我々をしばる3つの縄
不思議なもので、我々日本人は自分でこしらえた縄でもって自分を縛るのがすきなようだ。 地方において職務を遂行するにあたり常に感じるのは自作自演の多さである。
今回はその3つの縄について考えたいと思う。
血縁
まず第一の縄は生まれた時から死ぬ時まで切れない縄である親子の縁、親類の縁である「血縁」である。
血縁とは「(親子、兄弟など)血のつながりがある関係。血筋のことをいう。」
日本においては血筋というものは非常に重要視され、「誰それの親類、子孫」という釣り書はまず真っ先のその人を知るための指標とされる。 血筋とは本人の思う通りにならない生まれ持った資産でもあるし負債でもある。
それにゆえに損も得もする。だから「自分はそうすまい」と思っても血筋であったり血を分けた他人に対して甘い目で見てしまうのである。
これが血縁関係の内側で行われているのならば構わないのだが、そうはならないのが日本人の悲しい性である。
地縁
地方に根ざした産業、企業ほど地縁により辛酸も恩恵も受けているのはあるまい。
地縁とはまさに「何代前からここに住んでいる」という類の自己ではなく父母やそのまた父母の妥協の産物の他ならない。「どこそこ出身だから仲間」という意識はまずまっさきに棄てなければならないものであるが、そうはいかない。 なぜなら官公庁においては「地方へカネを落とす」ことも大きな仕事の一つだからである。官公庁においては地縁とは力の源泉にほかならないためである。

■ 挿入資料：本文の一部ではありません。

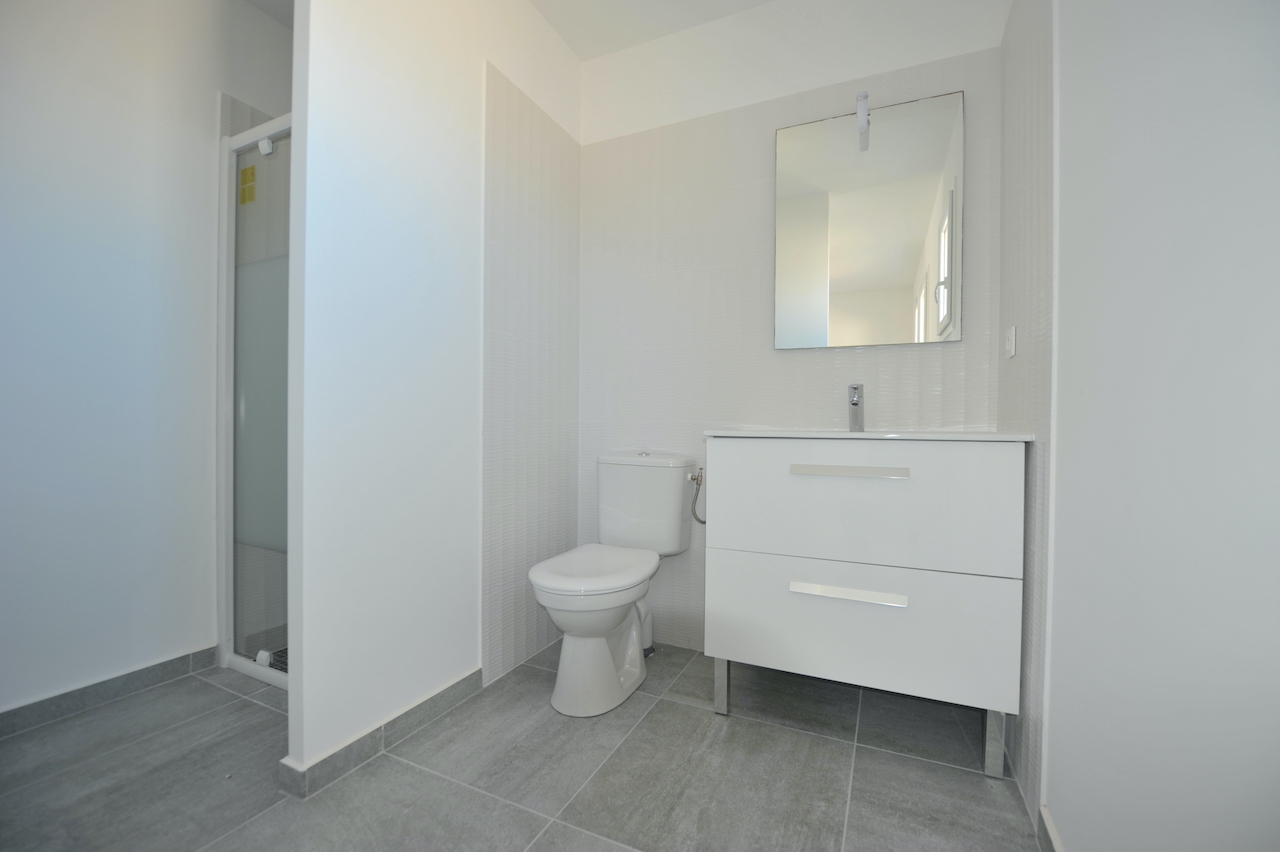 Entre St Cyprien et Pinarello, VILLA T-4 NEUVE, livrable avec OPTION PISCINE ou SPA sur demande. Entre St Cyprien et Pinarello, VILLA T-4 NEUVE, livrable avec OPTION PISCINE ou SPA sur demande.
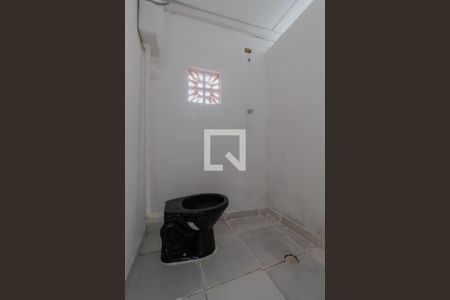 Banheiro de casa para alugar com 1 quarto, 20m² em Vila Lais, São Paulo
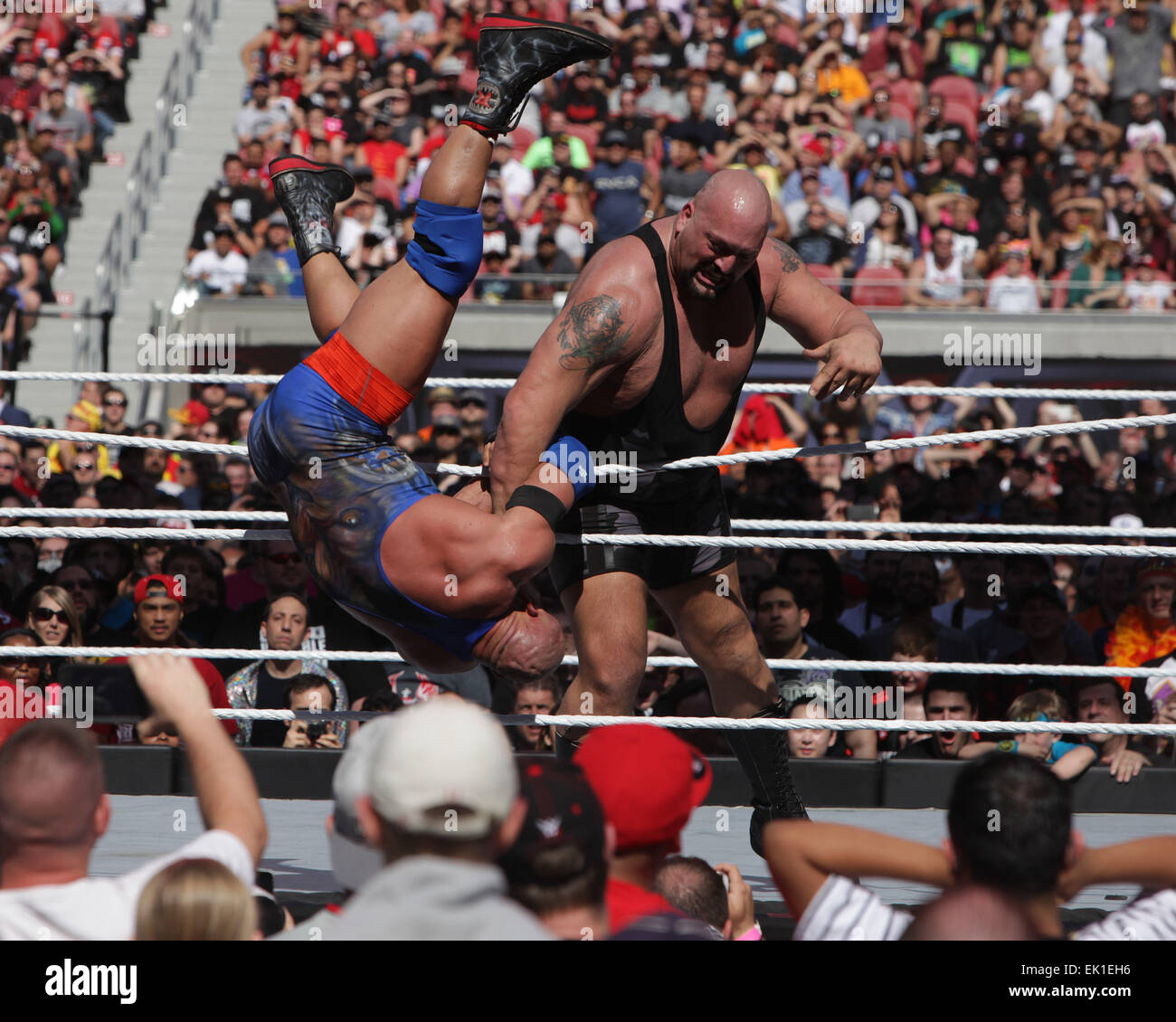 Big show wwe hi-res stock photography and images - Alamy
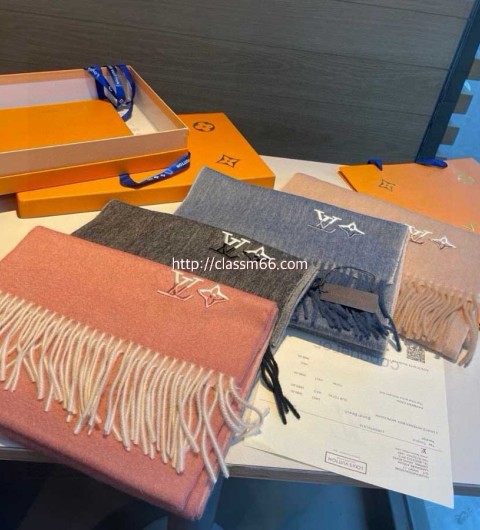 버버리 25 한정판 양털 목도리 D3151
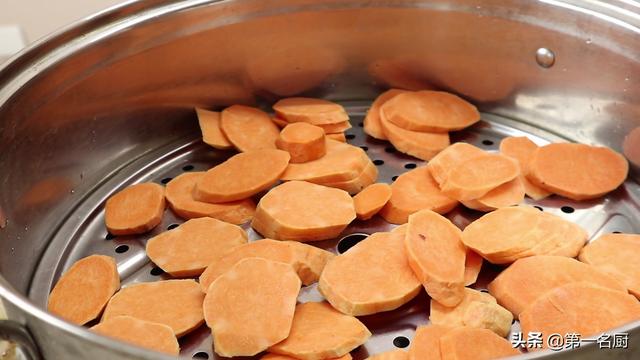 红薯饼的家常做法，做红薯饼的方法简单又好吃（红薯饼怎样做才能软糯可口香甜拉丝）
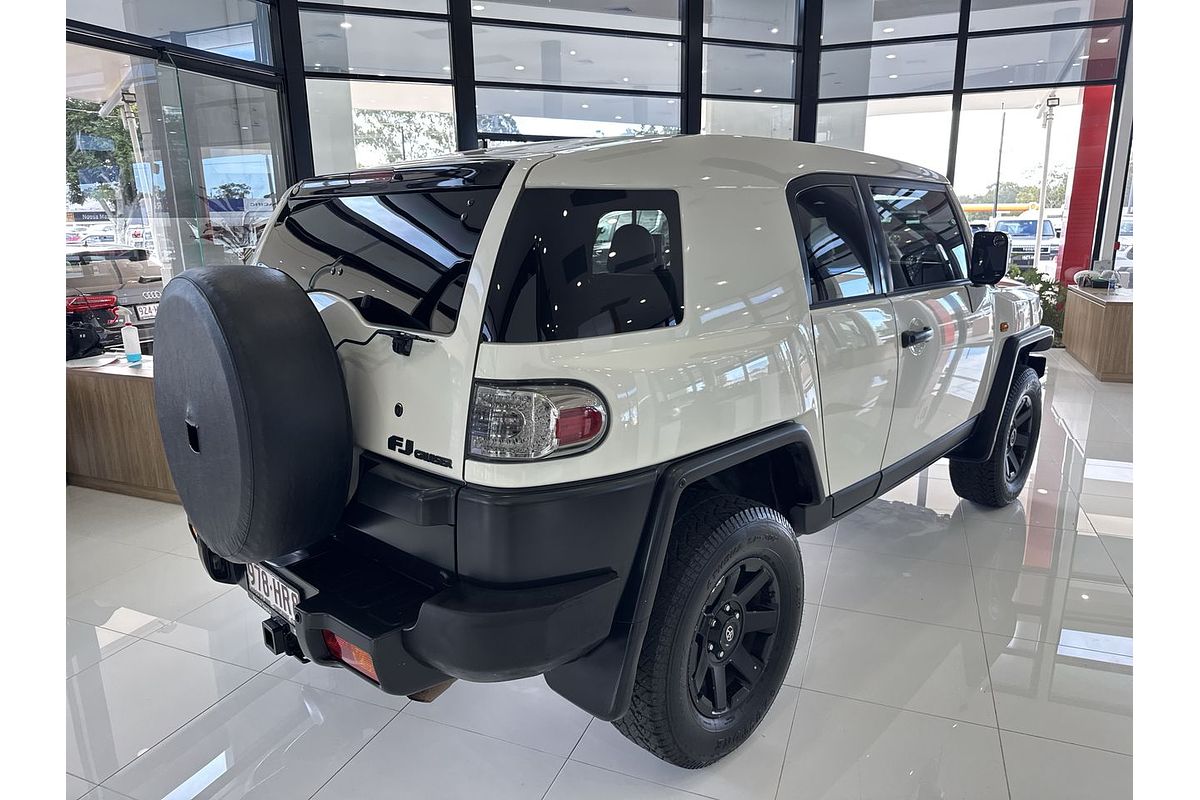 2015 Toyota FJ Cruiser GSJ15R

地縁を重視するとエスノセントリズム(自文化中心主義)が発生し、他地域の事物を排除する姿勢を持つ。これを何世代も繰り返すことにより縮小再生産が行われ、新規事業や新しい考え方などがもたらされないという停滞をもたらす。田舎が停滞の象徴であるのは地縁にこだわりすぎているためである。
(年齢などの根拠の無い)上下関係
組織において上意下達は当然のことであるし、命令系統の明確化は有事の際の混乱を防ぐ効能も存在する。問題はこの上下関係をいかにして決めるかということである。
軍隊においては上下とは階級であり、階級とは教育の賜である(士官は士官学校という専門教育機関を卒業しないかぎりなれないのが例である) 日本においても軍隊は西洋式を取り入れているため、これにならっているがそれ以外の組織では入社、入庁年度あるいは年齢により上下を決定している。
「年を食っているものはたくさん知っている」という古来の考えはすでに意味のないものになった。(現代では「知っている」ことよりも「知る方法」を知る人間のほうがいい)
根拠の無い上下関係はその人間の実力によって立つものでなく、自動的に配点されるものである。故に意味が無い。 突然降って湧いてきた権力に人間は他人に対して横柄になれる。産まれの先後が優劣であるならば指導者は常に最高齢の人間であるべきであるがそうでない以上、今我々が持っている職位などは勝ち取ったものでなく降って湧いてきたものであるという認識を持つべきである。 根拠なき権力は無能者を作り出し、下々を滅ぼす悪鬼となる。故にバカを上にあげない組織の仕組みを作る必要があるのであるが、我々は意味のない人間を担ぐことに慣れすぎてしまった。
#最後に 縁とはいいものはまさに良縁というが、悪い縁は「しがらみ」という。
しがらみを嫌う人間は自由を求め地方を出て、別の場所に活躍の場所を求める。 思うに、栄えている地域とは「しがらみ」のない地域である。「しがらみ」のない地域は多様性を許容する。故に多様な考えや方法論を生み出し更に栄えていく。
では、栄えてない地域はどうか。「しがらみ」にしがみついているだけではなかろうか。情報は自由を求めて出口を求めるという。これからの地方活性化の手段は「しがらみ」をなくすことではなかろうか。